An exploration into various GPS/IMU integration techniques conducted as part of undergraduate thesis. Various algorithms are included and tested using simulated IMU/GPS data. MATLAB Navigation Toolbox is required to run code.
Included Algorithms:
- IMU Only Positioning
- IMU Only Positioning with Periodic GPS Reset
- IMU/GPS Extended Kalman Filter
- IMU/GPS Unscented Kalman Filter
- IMU/GPS Extended Kalman Filter with Bias Estimation
Also included is a method for determining IMU random walk and bias instability using Allan Deviation method.
To test the algorithms simply open "main.m" and go to line 23 and replace "EKF" with either "EKFBias", "EKF", "UKF", "SS" and "simple" depending on which integration algorithm you wish to run. Clicking run will then generate a trajectory, simulate gps/imu readings, pass it to the algorithm and plot the results. To change the trajectory go to "trajectory.m" and uncomment the desired trajectory.

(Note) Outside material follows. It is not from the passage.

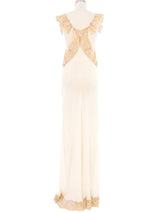 Lace Mesh Trimmed Silk Slip Dress Dress arcadeshops.com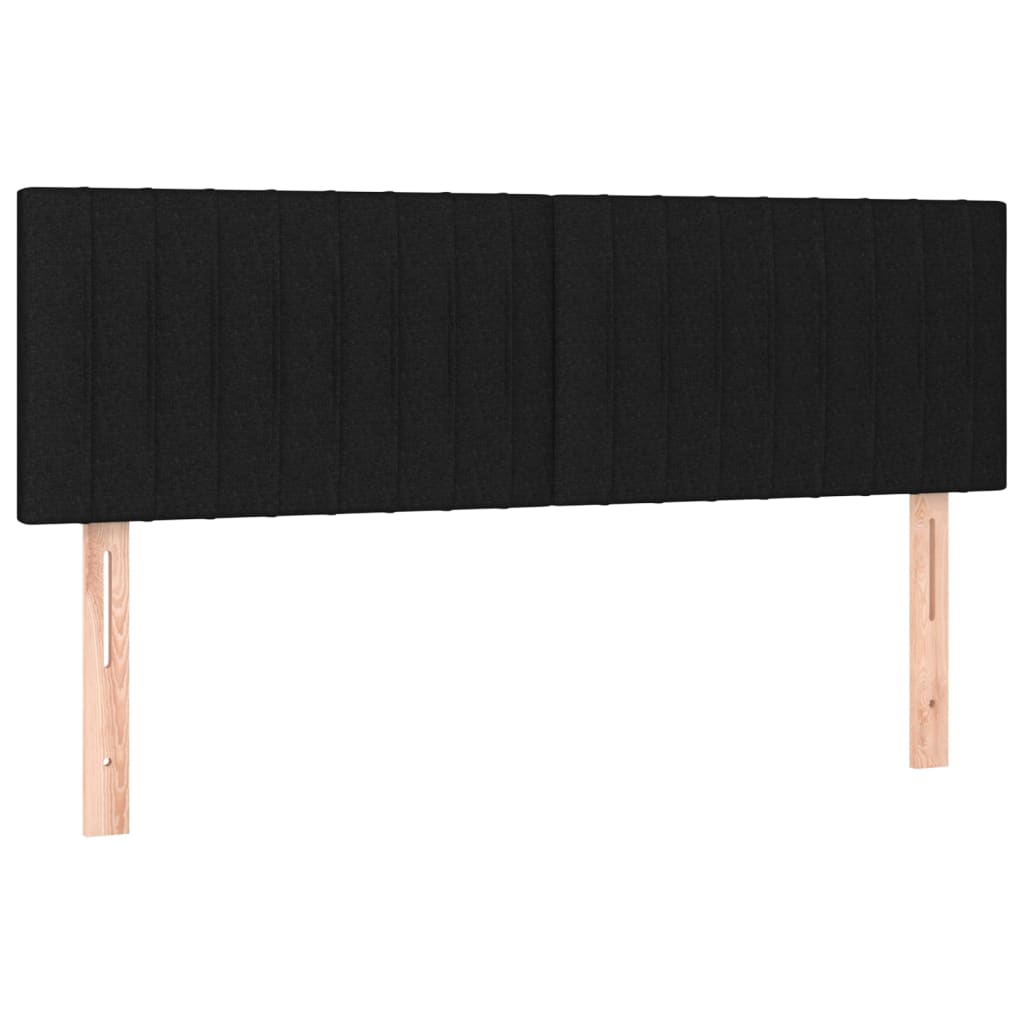 LED uzglavlje crno 144x5x78/88 cm od tkanine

To characterise an IMU sensor open "allan.m" and click run. By default this will use the data in "ADIS16507 Gyro 8 minutes.csv". The program will figure out the Angular Random Walk, Bias Instability, and Rate Random Walk parameters and compares them against the values in the datasheet. It also will simulate some IMU measurements and compare the time domain and allan plots against the real data. Note that by default the program assumes the units are in degrees to match with the datasheet.